Brief: All of the records below must be output exactly, with no pictures carried over.

Web page caption snippets:
========
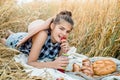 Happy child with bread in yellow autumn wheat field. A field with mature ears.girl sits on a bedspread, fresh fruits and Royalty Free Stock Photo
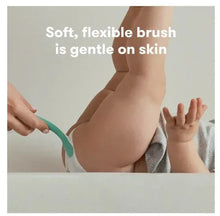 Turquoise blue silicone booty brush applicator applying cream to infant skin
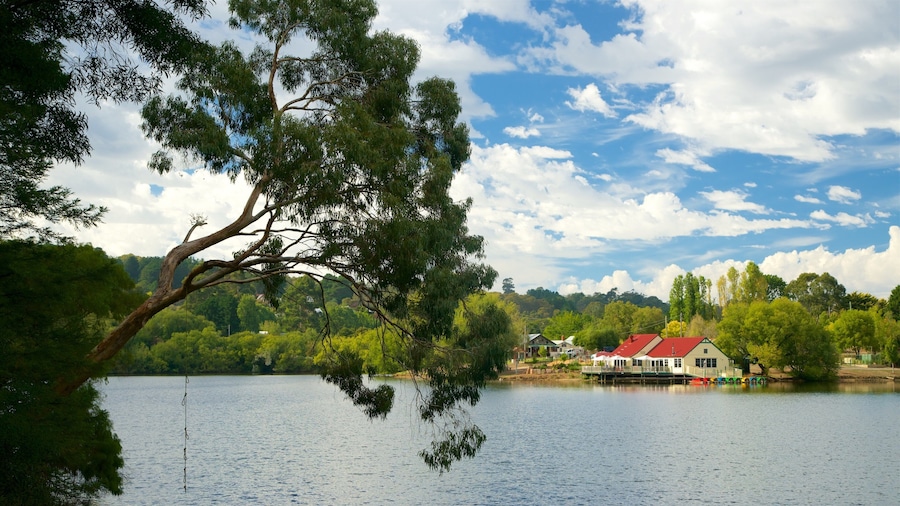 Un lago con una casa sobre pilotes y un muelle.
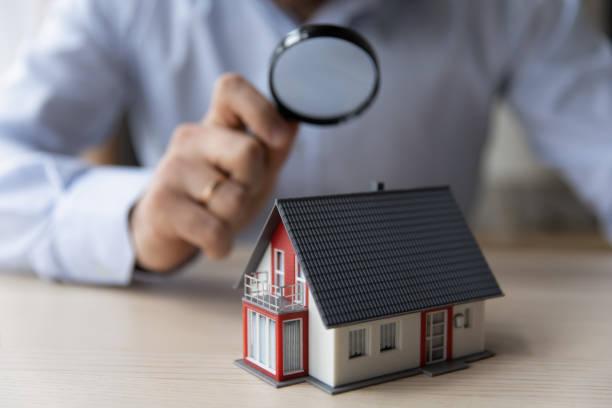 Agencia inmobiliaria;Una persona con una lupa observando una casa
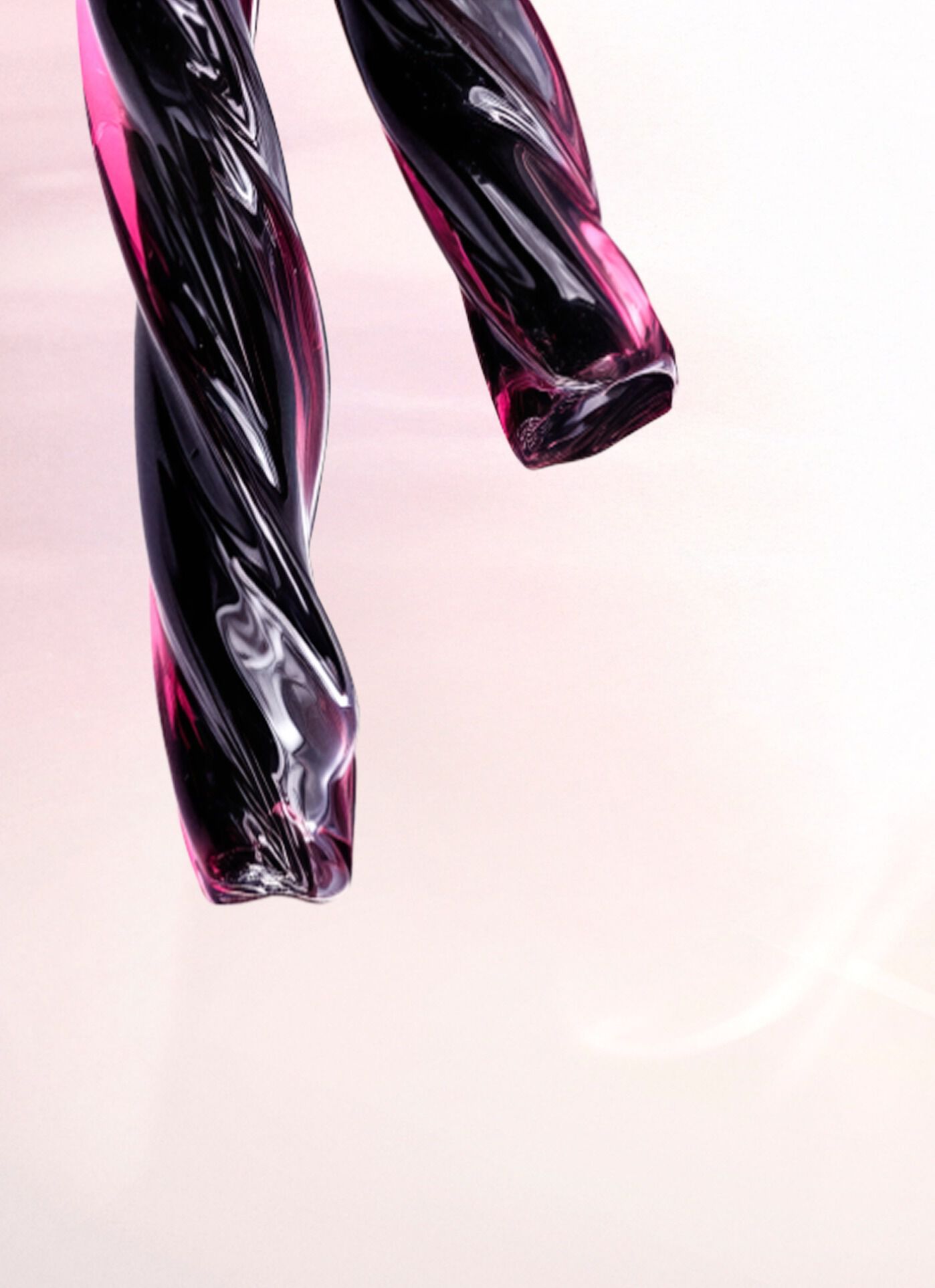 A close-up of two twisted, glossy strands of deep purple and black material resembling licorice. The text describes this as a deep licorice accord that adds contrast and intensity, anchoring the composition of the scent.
========
Your solution:
 Happy child with bread in yellow autumn wheat field. A field with mature ears.girl sits on a bedspread, fresh fruits and Royalty Free Stock Photo
 Turquoise blue silicone booty brush applicator applying cream to infant skin
 Un lago con una casa sobre pilotes y un muelle.
 Agencia inmobiliaria;Una persona con una lupa observando una casa
 A close-up of two twisted, glossy strands of deep purple and black material resembling licorice. The text describes this as a deep licorice accord that adds contrast and intensity, anchoring the composition of the scent.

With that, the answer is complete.